Intercettò lo sguardo del libraio, annoiato, che, abbandonato con quasi tutto il busto sul vecchio piano di legno, la guardava masticando stancamente una gomma e sfogliando un vecchio manoscritto liso e dalla copertina consunta.
Da lontano, lei, poteva sembrar bella. I capelli, sapientemente scuri, quasi neri, le coprivano le spalle, quasi fino alla base della schiena. Non era di quelle che definiresti magre in senso stretto, perché la vita le aveva depositato sui fianchi un leggero accenno di curve che si spingeva alle gambe e che non le regalava le caviglie sottili che avrebbe desiderato, ma aveva le spalle esili, che ti facevano venire voglia di abbracciarla stretta e di proteggerla da chissà quale drago o stregone potesse venir fuori da uno dei libri in cui usava ficcare il naso.
La suola dei suoi sandaletti pieni di strass, che facevano il paio con i braccialetti che tintinnavano sul braccio, si affacciava sotto la gonna lunga e leggera, che frusciava senza rumore nell’aria. Muovendosi sul vecchio e polveroso pavimento di legno, lasciava, con i piedi, un rintocco secco nell’aria, seguito da uno strascico lento.

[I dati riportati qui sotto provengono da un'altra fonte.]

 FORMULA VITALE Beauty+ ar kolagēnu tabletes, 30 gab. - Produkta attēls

Rintocco, rintocco, strascico, strascico.
Rintocco, rintocco, strascico, strascico.
Era incantata da questa musica che producevano i suoi passi sul pavimento, mentre le mani, chiuse a pugno lungo i fianchi, quando non erano impegnate a sfiorare le copertine polverose dei libri, seguivano il ritmo: mignolo, anulare, medio e indice, mignolo, anulare, medio e indice.
Il pollice, nascosto tra le dita, serviva da base di appoggio per la leggera pressione che imprimesse il ritmo dei piedi alle dita.

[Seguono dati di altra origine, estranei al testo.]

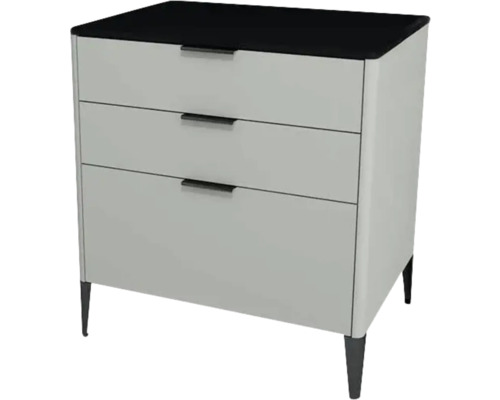 Meuble sous vasque avec 3 tiroirs Devo Lotos lxhxp 70x76x53 cm perfect touch gris acier/soft black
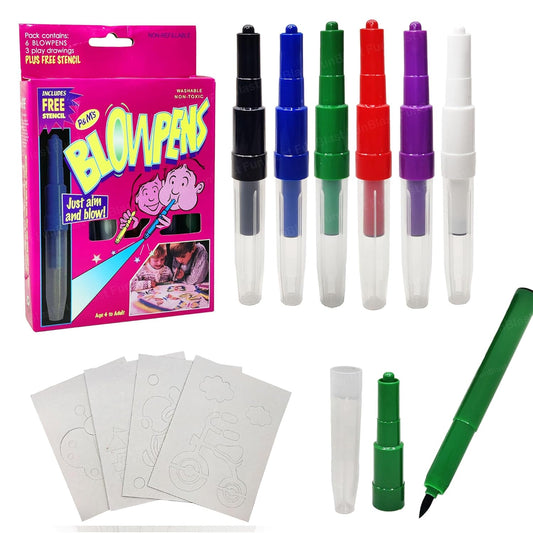 6 Pcs Magical Coloring Spray Blow Pens for Kids Children, Spray Blow Marker Sketch Pen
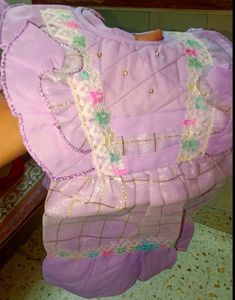 Brand New Purple Colour Beautiful Girls Kids Frock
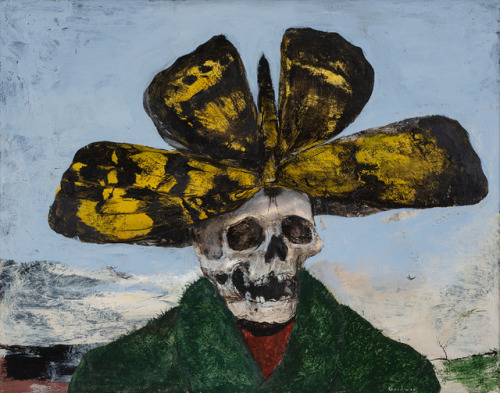 thunderstruck9:Miles Cleveland Goodwin (American, b. 1980), Skeleton Wearing a Butterfly Hat, 2018. 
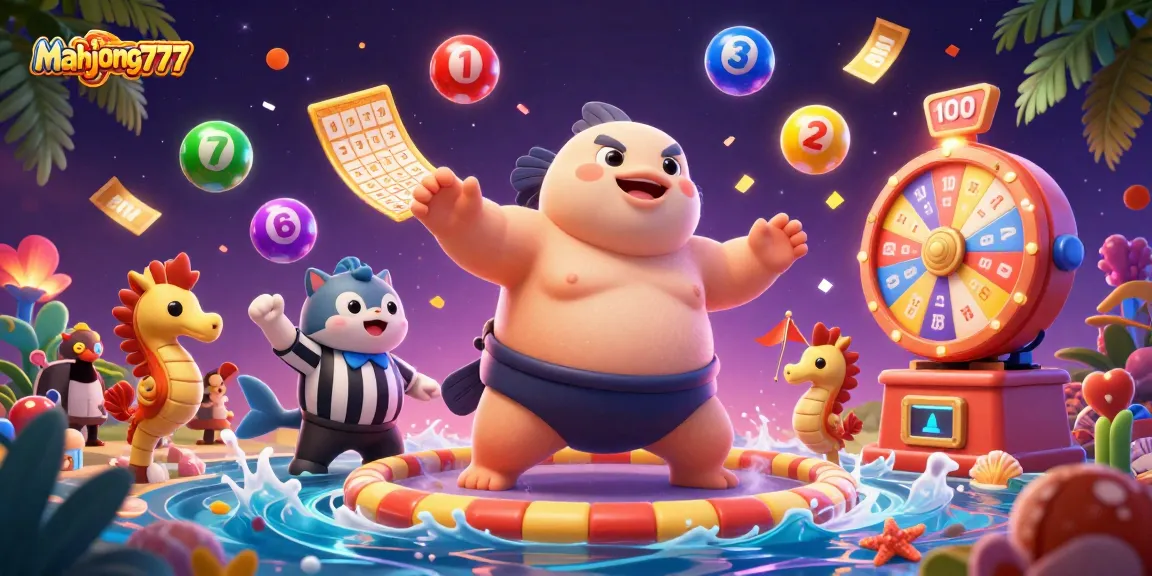 Experience thrills with mahjong777 as cartoon characters celebrate wins in a vibrant underwater casino scene.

Era talmente assorta nel suo gioco di ragazzina, nel meccanismo senza tempo che segnava le sue meditazioni, che non sentì l’avvicinarsi del ragazzo della libreria fino a che non ebbe la percezione di un fiato caldo, sul collo.
Il ritmo, interrotto a metà, rimase sospeso nell’aria.
“Senti un po’” le disse quello, continuando a masticare la gomma con aria annoiata e stanca e guardandola con occhi vacui, annacquati, nemmeno stesse guardando il più becero dei filmetti, in tv.
“Che ti andrebbe di farmi una recensione, su un libro? È di uno che sa scrivere, ma a me non mi va proprio. E chi c’ha voglia, con questo caldo, poi” e le porse uno strano libro.
Erano, a saggiarlo dal peso, poco più di 140 pagine, in formato A4, tenute insieme da un elastico rosso.
Sulla copertina una strana figura.
Forse un albero spoglio, un ramo. Su uno sfondo bianco. Non c’era un titolo, anzi, a ben guardare, si intravedeva una spessa linea nera, che cancellava qualcosa.
Forse un ripensamento.
L’autore non era citato.
Non era sua abitudine girare i libri per cercare la “quarta di copertina” e, a maggior ragione quella volta, evitò di farlo. Sapeva che non era necessario.
La carta era di quelle che sarebbero piaciute a lei.
Giallo paglierino, con sottili venature che ne raccontavano il pregio e la cura della scelta.
Immaginava mani che sfogliano campioni di carta, che ne sfiorano i bordi e che poi, metodicamente, infilano i fogli, a piccoli gruppi, nella stampante, per evitare che anche solo uno di essi potesse andare sprecato.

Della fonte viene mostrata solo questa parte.